Court of Appeals of Tennessee. Middle Section, at Nashville
Sep 30, 1985
698 S.W.2d 347 (Tenn. Ct. App. 1985)

Opinion

June 14, 1985. Application for Permission to Appeal Denied by Supreme Court September 30, 1985.

Clarence Evans, Nashville, for petitioner-appellant.

Henry Walker, Nashville, for respondent-appellee.

William R. O'Bryan, Jr., Trabue, Sturdivant DeWitt, Nashville, for intervenor appellee, Murfreesboro Freight Line Co., Inc.

Robert L. Baker, Buck, Baker Bramlett, Nashville, for intervenor appellee, Averitt Express, Inc.


OPINION


This is an appeal by Service Transport, Inc. (Service) from the judgment of the Chancery Court for Davidson County upholding the denial by the Tennessee Public Service Commission (Commission) of transfer of certain motor carrier authority from Service to Hohenwald Truck Lines, Inc. (HTL).

The facts pertinent to our inquiry are as follows:

Murfreesboro Freight Lines (MFL) held Certificates of Authority to carry general commodities between Murfreesboro and Nashville and Nashville and Memphis.

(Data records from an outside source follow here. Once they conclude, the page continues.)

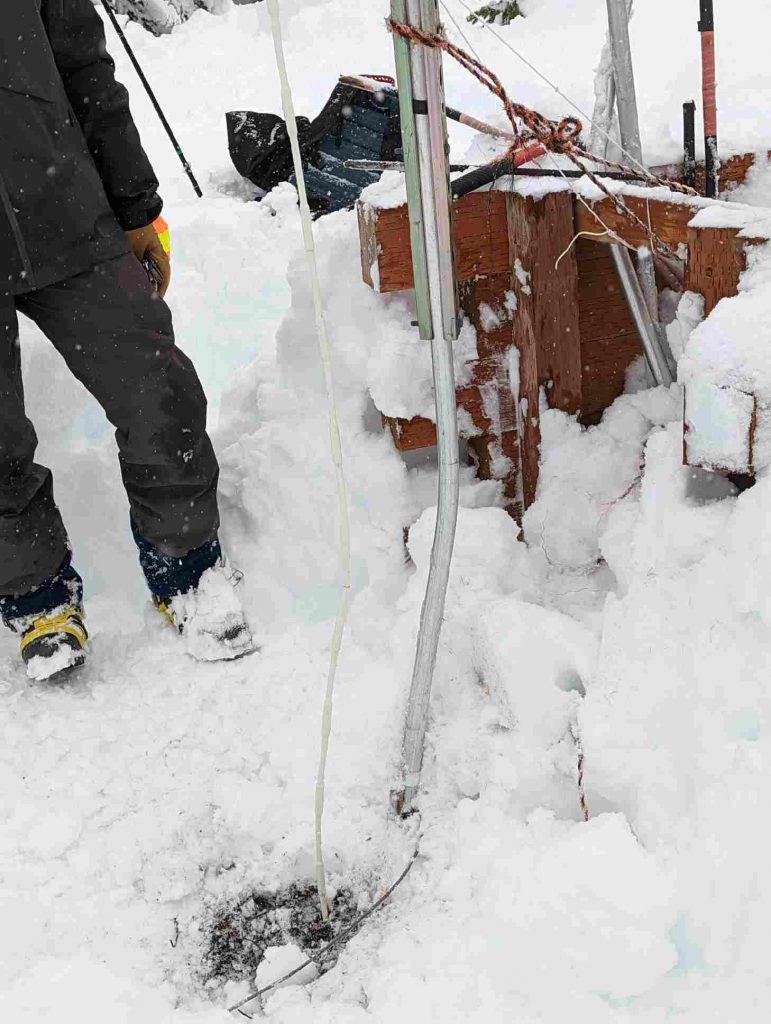 Avalanche cable in white heat shrink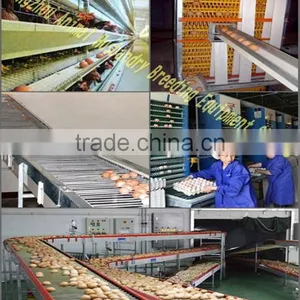 Poultry Farm Structures Chicken Cage thumbnail-1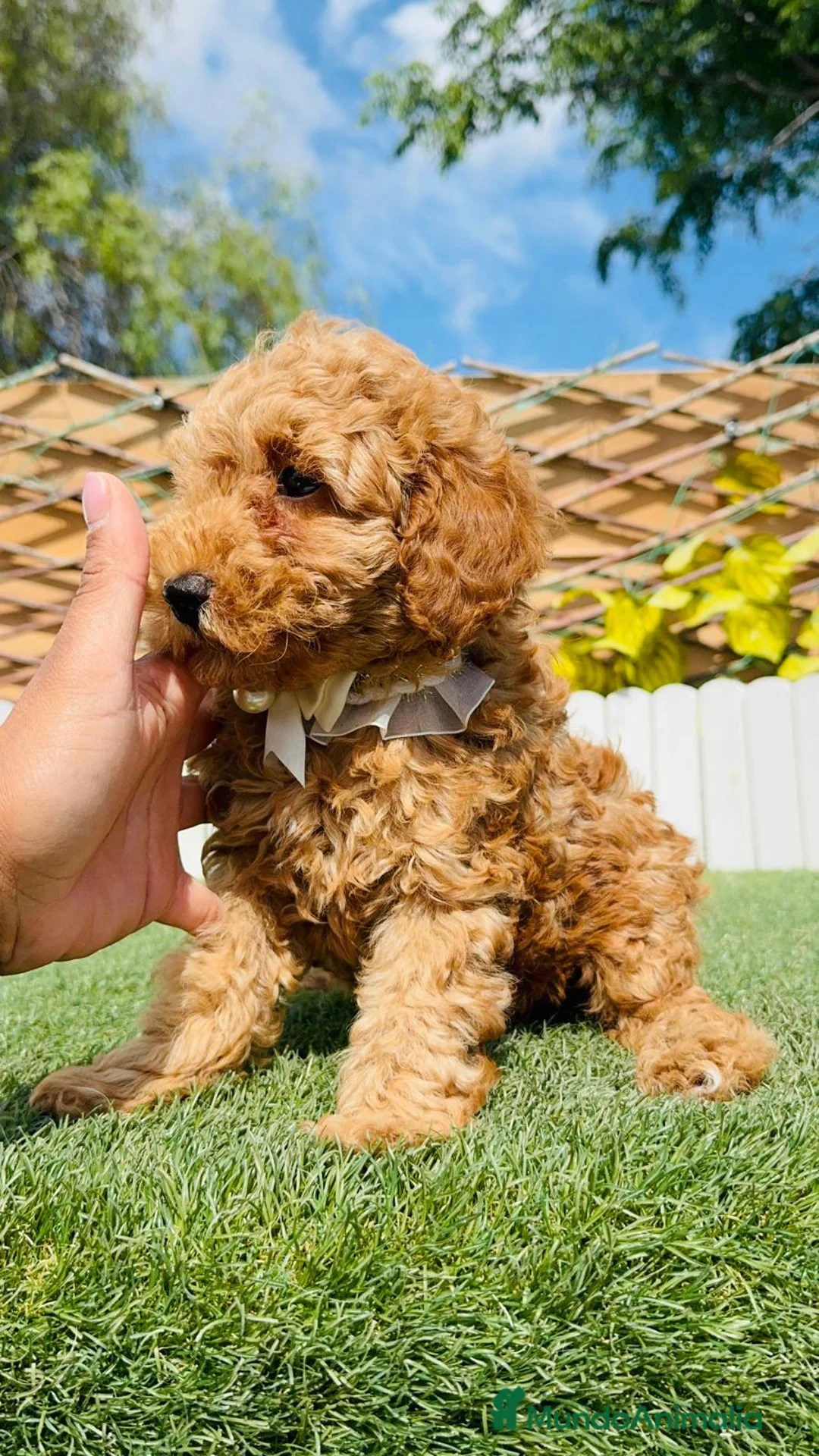 Caniche Toy perros en venta: CANICHE TOY-LISTO PARA ENTREGAR - Anuncio 2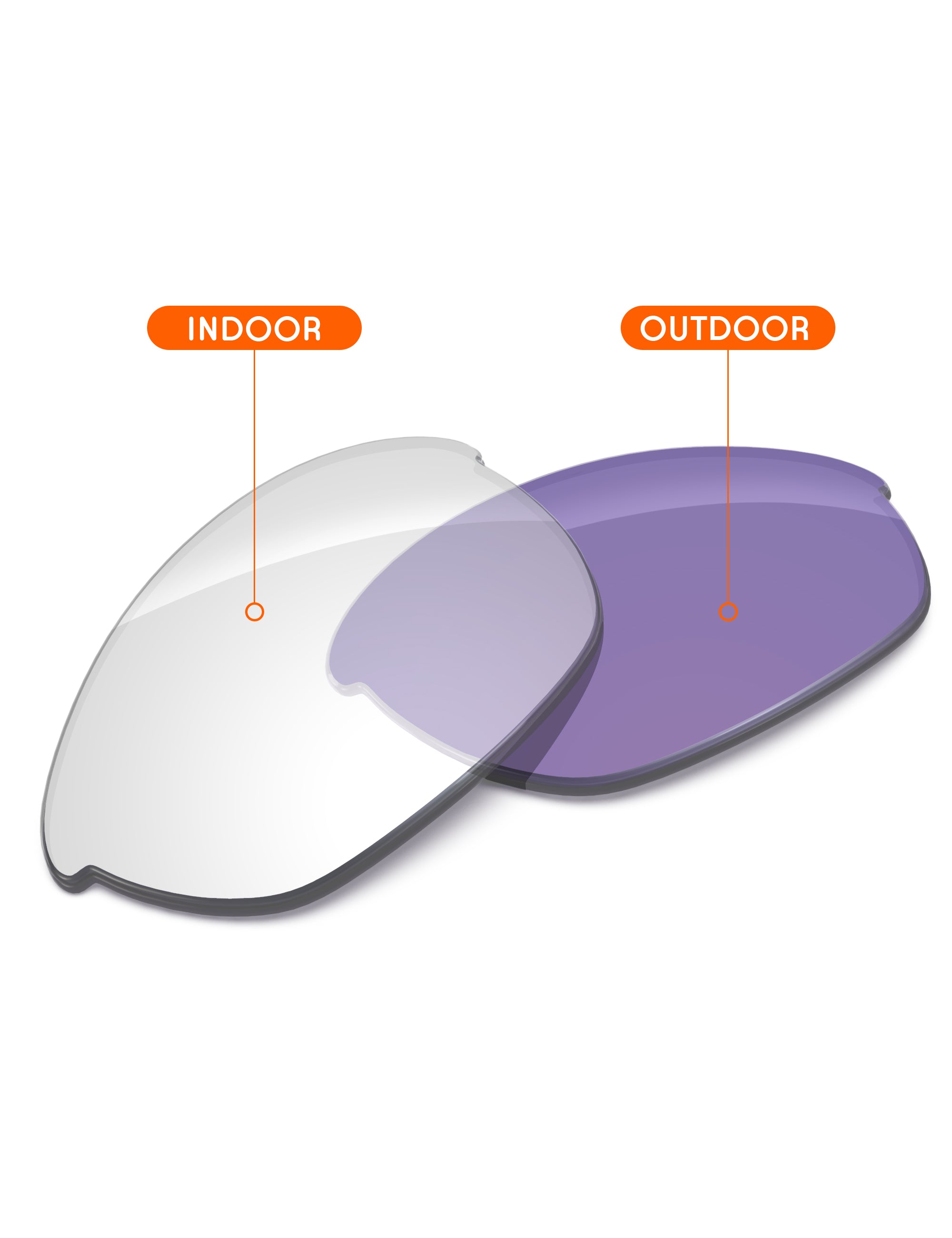 Adapt Purple Photochromic-Non-Polarized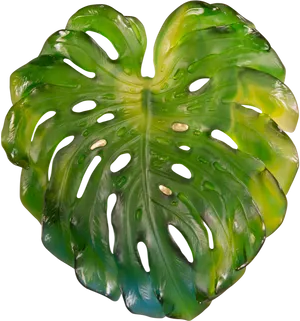 Monstera Deliciosa Leaf Isolated PNG image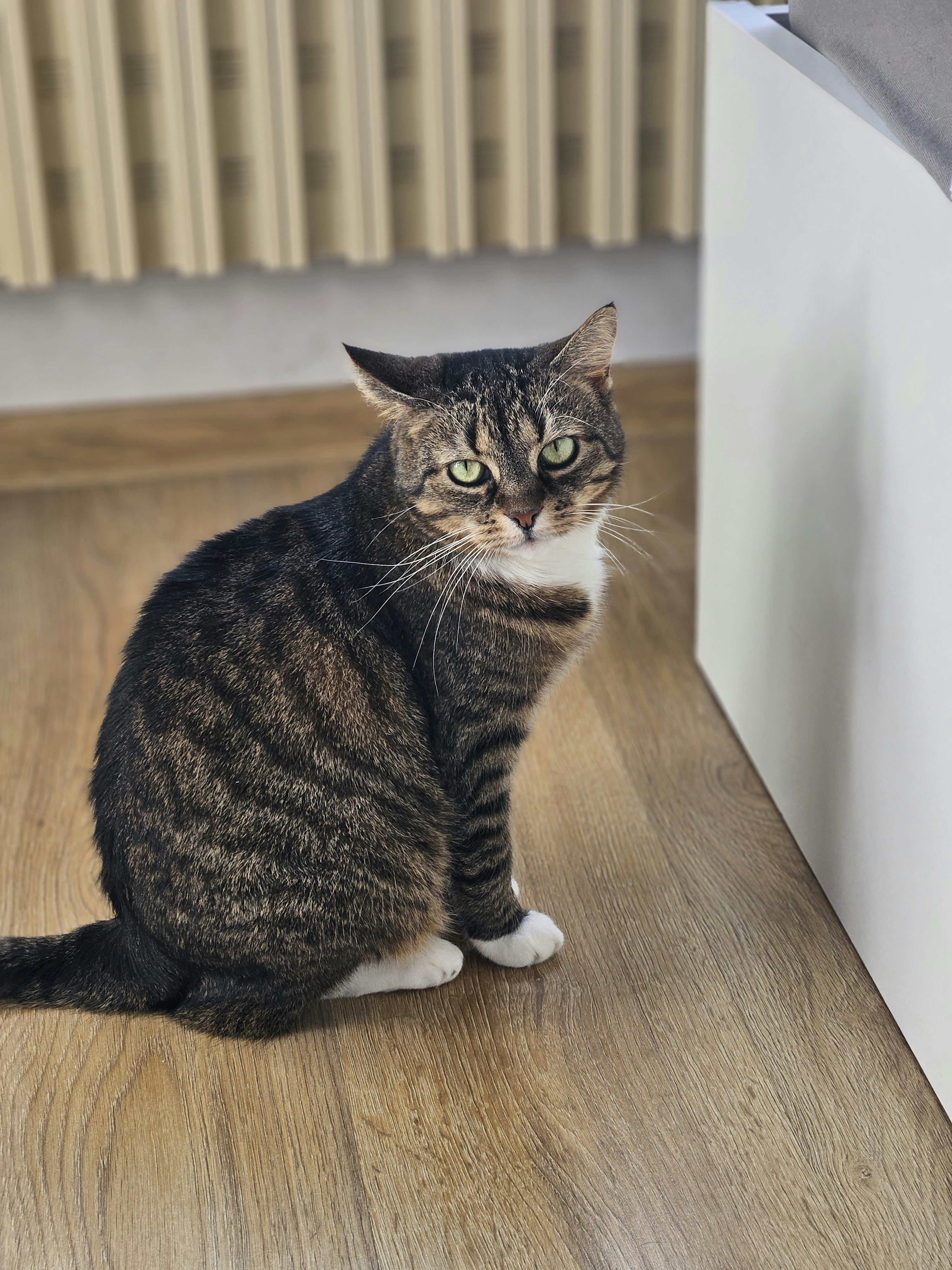 A tabby cat sits and stares intently.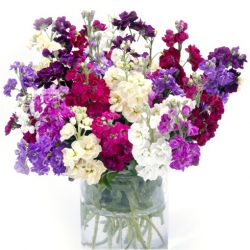 Nasiona Lewkonia letnia pachnąca mix szt. Nxx507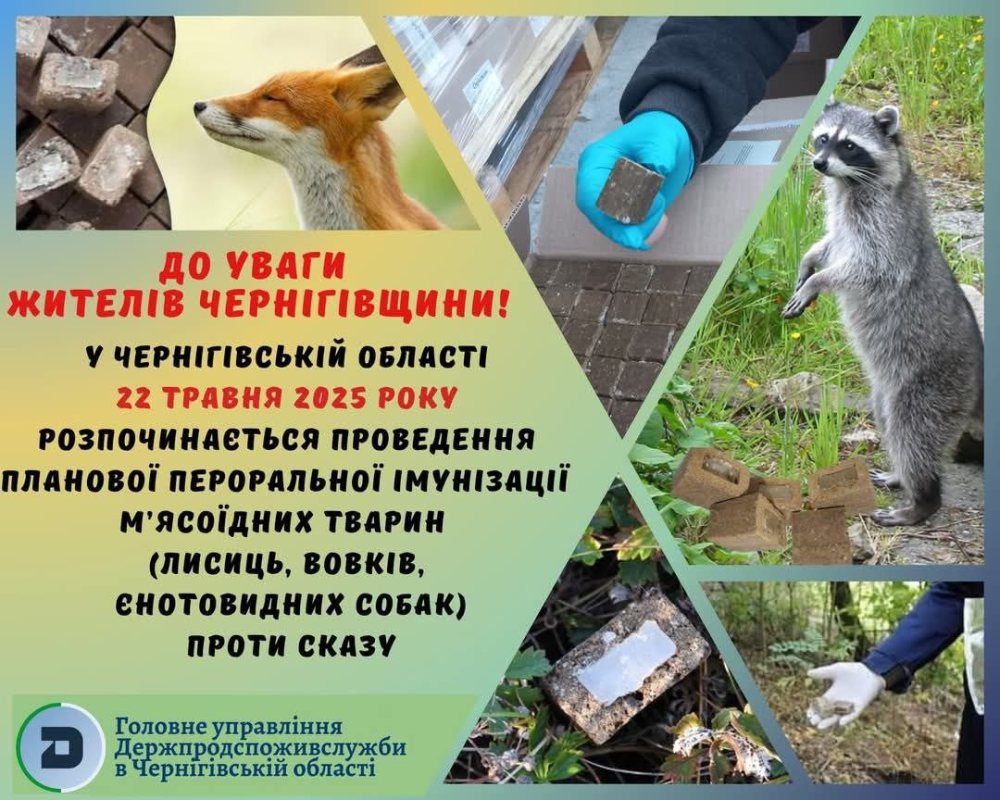 На Чернігівщині стартує весняна кампанія з імунізації диких тварин проти сказу
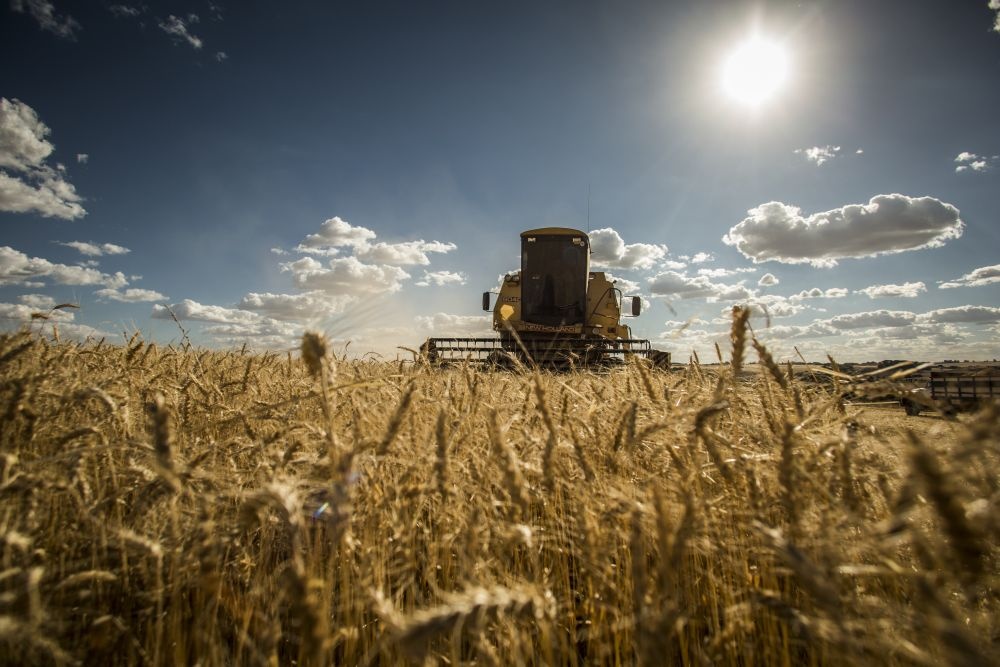 Quebra no Rio Grande do Sul nem leilões públicos foram suficientes para elevar preços a R$ 33,5, valor mínimo necessário para cobrir custos. | Foto: Marcelo Andrade/gazeta Do Povo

MFL ceased operations on September 3, 1982, and on September 24, 1982, filed a petition in bankruptcy in the U.S. Bankruptcy Court for the Middle District of Tennessee. Among its assets were the Certificates of Authority granted by the Commission.

After MFL ceased operations, Service, under a lease agreement, operated MFL's Nashville-Murfreesboro Authority. MFL's Nashville-Memphis Authority was not operated by anyone, and all parties concede that this route was losing money when MFL filed its petition in bankruptcy.

MFL's Certificates of Authority were auctioned by the Bankruptcy Court. The Bankruptcy Court insisted that both the Nashville-Murfreesboro and Nashville-Memphis operating authorities be sold as a package. Service, as the high bidder, agreed to pay $146,000 for both certificates, conditioned upon the Commission's approval of the transfer of the certificates to Service.

Service already held authority granted by the Commission to operate between Nashville and Memphis. Because of the regulatory precedent holding that a carrier may not hold duplicate authority, Service entered into an agreement to sell the Nashville-Memphis Certificate to HTL for $67,000. The sale to HTL was conditioned upon the approval by the Commission. However, Service remained obligated to pay MFL the full amount of the purchase price under the contract approved by the Bankruptcy Court.

The amended petition of Service, MFL and HTL filed with the Commission sought approval of the transfer of MFL's Nashville-Murfreesboro Authority to Service and MFL's Nashville-Memphis Authority to HTL.

Subsequent to an evidentiary hearing, the Commission voted to deny the transfer. However, the members of the Commission could not agree on the rationale to support the decision, and it was not until August 31, 1983, that a written order was entered.

Within the statutory time limit, the Commission voted to reconsider its denial of the transfer of both Certificates of Authority. Upon reconsideration, the Commission approved the transfer of both the Nashville-Murfreesboro and the Nashville-Memphis Authority to Service. The Commission denied the Nashville-Memphis transfer from Service to HTL and cancelled the Nashville-Memphis authority because it duplicated the authority Service already had.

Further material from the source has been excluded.